# Exercise description:
What is needed is an exact transcription of every record, minus the pictures.

Recorded data:
____

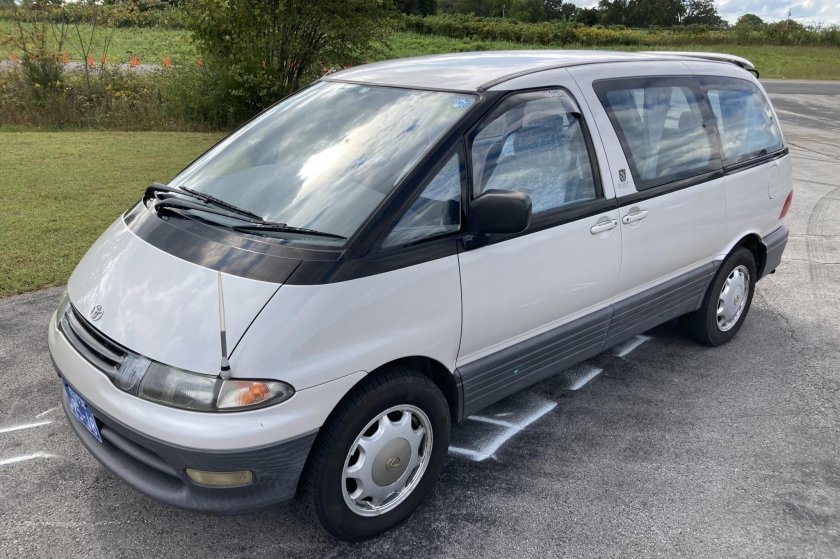 Тойота Estima lucida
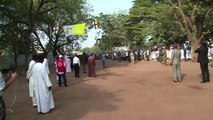 Papa visita mesquita e pede reconciliação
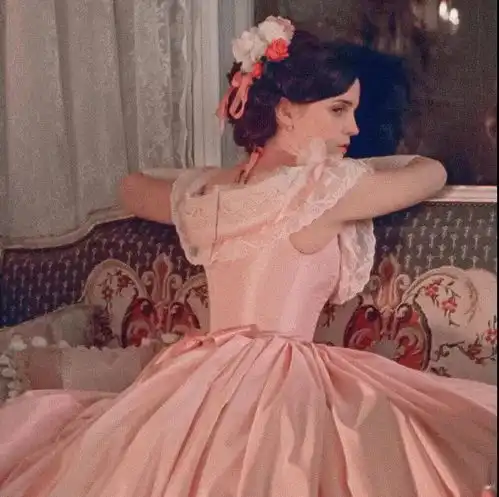 臭宝换微信头像啦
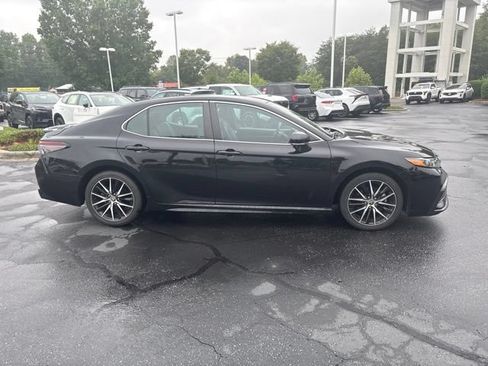 Used 2023 Toyota Camry SE FWD image 5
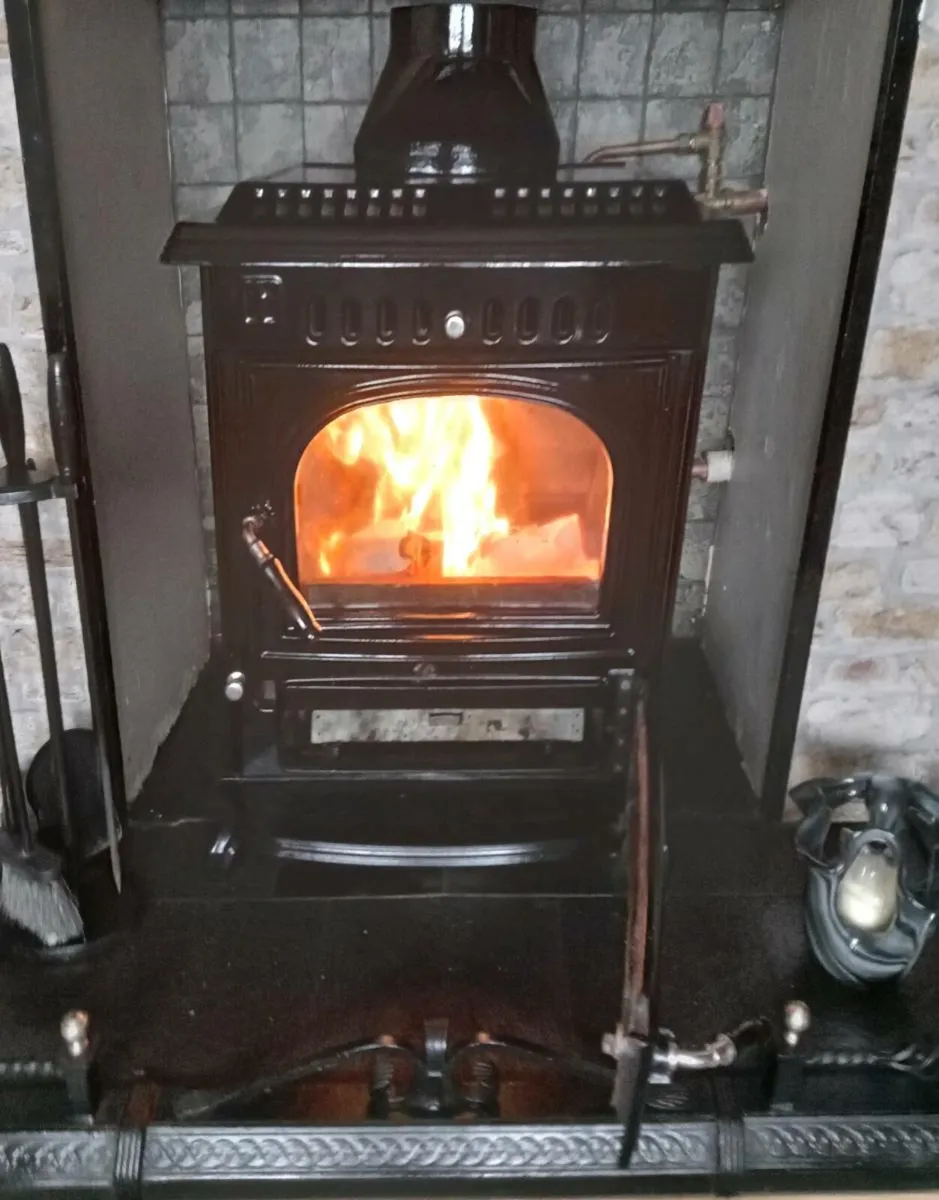 Great condition Stove heats 10-12 Radiators - Image 2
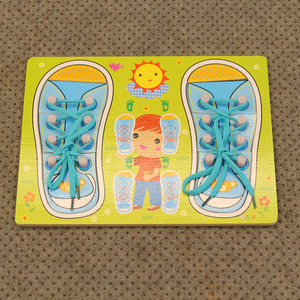 童教幼儿园木早儿制穿鞋板系鞋带d拼板蒙氏三只鞋玩具穿线串绳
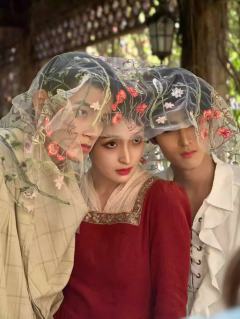 当萧伯纳遇见莎士比亚-资料图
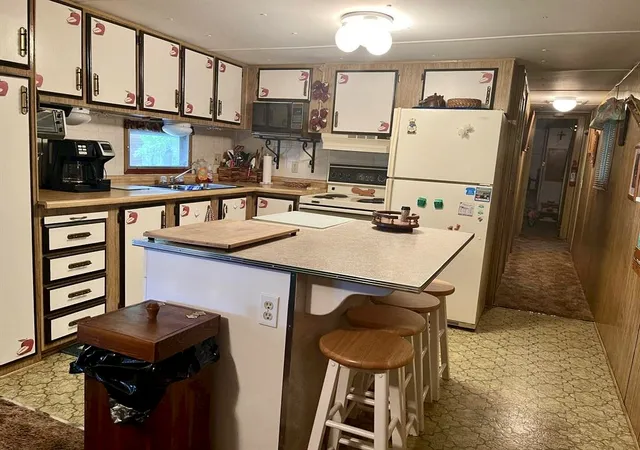 Photo 3 of Manufactured home for sale at 14 S Shore Duck Rd, Babb, MT 59411 | MLS# 30075178 | Listing updated on 2026-09-21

____

# Exercise solution:
 Тойота Estima lucida
 Papa visita mesquita e pede reconciliação
 臭宝换微信头像啦
 Used 2023 Toyota Camry SE FWD image 5
 Great condition Stove heats 10-12 Radiators - Image 2
 童教幼儿园木早儿制穿鞋板系鞋带d拼板蒙氏三只鞋玩具穿线串绳
 当萧伯纳遇见莎士比亚-资料图
 Photo 3 of Manufactured home for sale at 14 S Shore Duck Rd, Babb, MT 59411 | MLS# 30075178 | Listing updated on 2026-09-21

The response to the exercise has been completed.